The city this year surpassed London to rank second globally, behind only New York, in terms of strength in combining finance and technology, according to an index compiled by the Shanghai Fintech Industry Alliance. In 2024, Shanghai's financial sector contributed 807 billion yuan to the city's economy.
Shanghai's financial market has undergone profound changes in terms of function, structure and investment orientation, accompanied by increased funds flow into technology, said Tu Guangshao, chairman of the Executive Council at the Shanghai Finance Institute.
"This trend will accelerate in the next five years," said Tu, who has turned to financial education after retiring as a vice mayor of Shanghai and vice chairman of the China Securities Regulatory Commission.
Agricultural Bank of China is but one example of how finance is the bloodline of new technologies. The world's second-largest bank by assets might at first glance seem the most unlikely of the nation's "big four" state-owned banks to be promoting technology. Yet the bank has implemented a model program catering to tech startups in areas of the Yangtze River Delta region that now host clusters of innovation hubs. The bank has extended loans of more than 1.5 trillion yuan (US$212 billion) for tech companies in the region – 250 billion yuan this year alone.
Overall, Agricultural Bank lending to technology companies increased 20 percent in the first half of this year compared with the start of the year – a pace on par with the other three big banks: Industrial and Commercial Bank of China, China Construction Bank and Bank of China.
The financial sector in China is not only assisting the advancement of new technologies, but also embracing use of artificial technology to transform its internal operations. Every "big four" banks have invested over 20 billion yuan in each of the past three years in financial technology to enhance competitiveness and management efficiency.
"People can expect the fintech sector to go through rapid changes in the next five years," Liu said. "The whole financial ecosystem is expected to become more targeted, more efficient and safer. So finance serves the technology sector and technology is returning the favor."
This interwoven relationship puts Shanghai in a unique position as it continues its long-held ambition to become a major global financial center.
In June, China released a document guiding Shanghai's development as a global financial center. In the next five to 10 years, it envisions leap-frogging progress in the adaptability, competitiveness and inclusiveness, aided by government commitments to open its financial sector wider to foreign investors and companies.
"Talented professionals are the cornerstone of the financial industry," Tu said. "To achieve new goals, we are in urgent need of professionals with overlapping talents: people who are proficient in finance but at the same time have expertise in specific industries, or corporate management, or markets."
Banks now have programs to hire new recruits that offer experience in areas such as artificial intelligence, semiconductors and biomedicine to better serve clients in selective industries.
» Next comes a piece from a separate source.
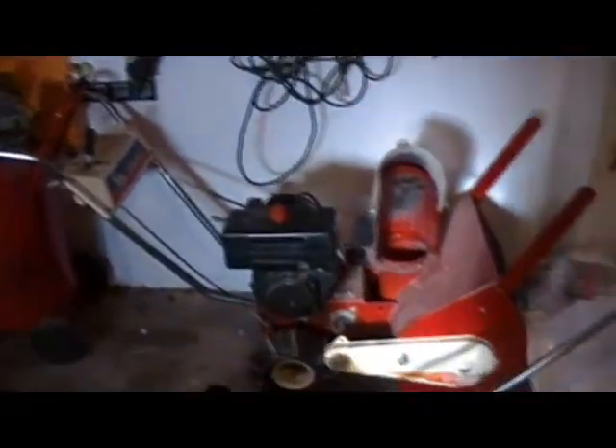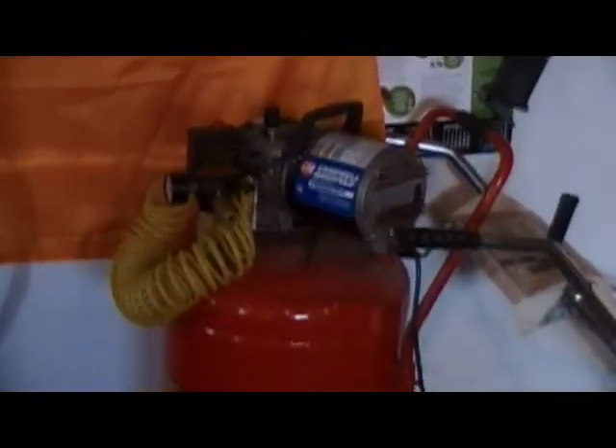Here's the snowblower I picked up for free. They told me it was seized, so I took the cylinder head off and got it spinning over — just haven't put any gas in it to fire it up yet. There's the air compressor we rigged up one night. It doesn't work very well — big tank, little pump.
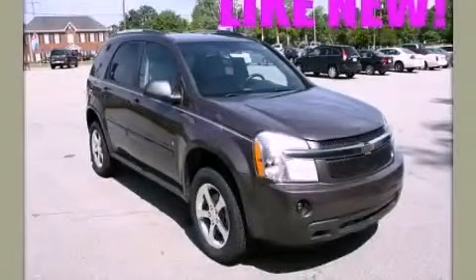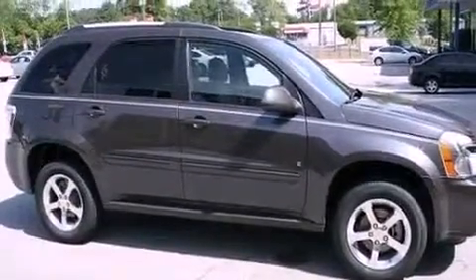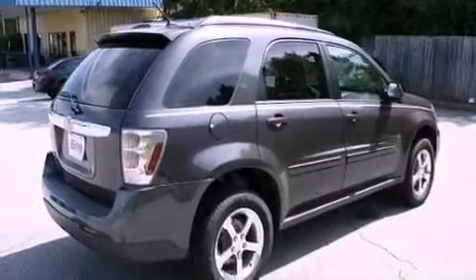This is a 2007 Chevrolet Equinox, a car-like ride in space like an SUV. There's a 3.4-liter six-cylinder engine and a five-speed automatic transmission.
The new staff should also understand how technology-oriented stock exchanges in Shanghai, Shenzhen and Beijing operate as fundraising sources.
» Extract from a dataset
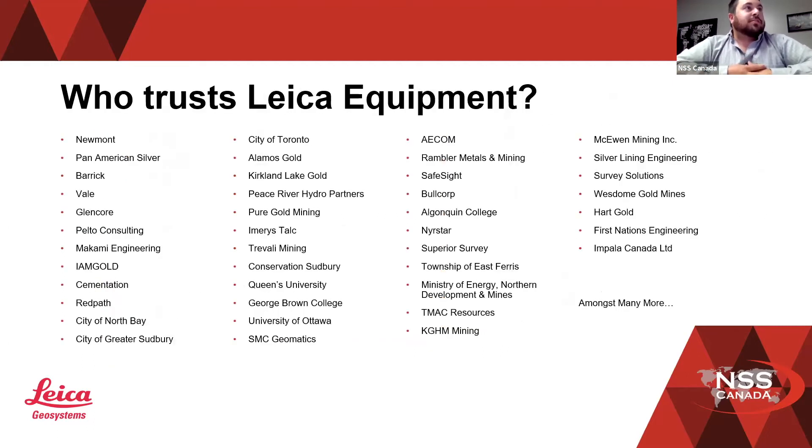A quick list of who currently trusts Leica equipment — I'll tell you right now, the list is not getting shorter, it's only getting longer. These are some clients that we deal with almost on a daily basis.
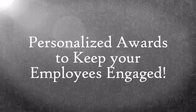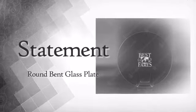Want to stand out? We've got just the shine you need. Here is a design that lets you make a statement.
"Shanghai has the advantage of a highly talented pool of professionals," Tu said. "But even there, the ratio of tech-related staff in the financial sector is still low, at about 12-15 percent, compared with up to 25 percent in New York and 22 percent in London."
Aware of the gap, Shanghai has beefed up efforts to nurture professionals with skills beyond just finance. For that, it taps into its advantage as the biggest hub of foreign-invested financial institutions on the Chinese mainland.
Each year since 2011, Shanghai awards the most talented financiers in the city, including foreign professionals. This year, Ginger Cheng, chief executive of Singapore-based DBS Bank's China arm, and Zou Jianglei, chief executive of First Abu Dhabi Bank China and president of its Shanghai branch, joined 21 winners. In their remarks at the awards ceremony, both said their banks are committed to helping China advance its goals.
"Technologies are advancing and transforming the Chinese society in fundamental and critical ways at an accelerated pace," Cheng said, adding her bank is sharpening its focus in technology and innovation, manufacturing upgrading and energy transition.
Shanghai remains a preferred destination for foreign financial institutions. It is home to nearly 1,800 licensed financial institutions, a third of them foreign-funded. The city's stock exchange ranks among the world's Top 5 in terms of trading volume and includes exchanges for shipping, insurance, futures, bonds and gold.
"Shanghai can develop into a global price-setter for commodities," Liu predicted.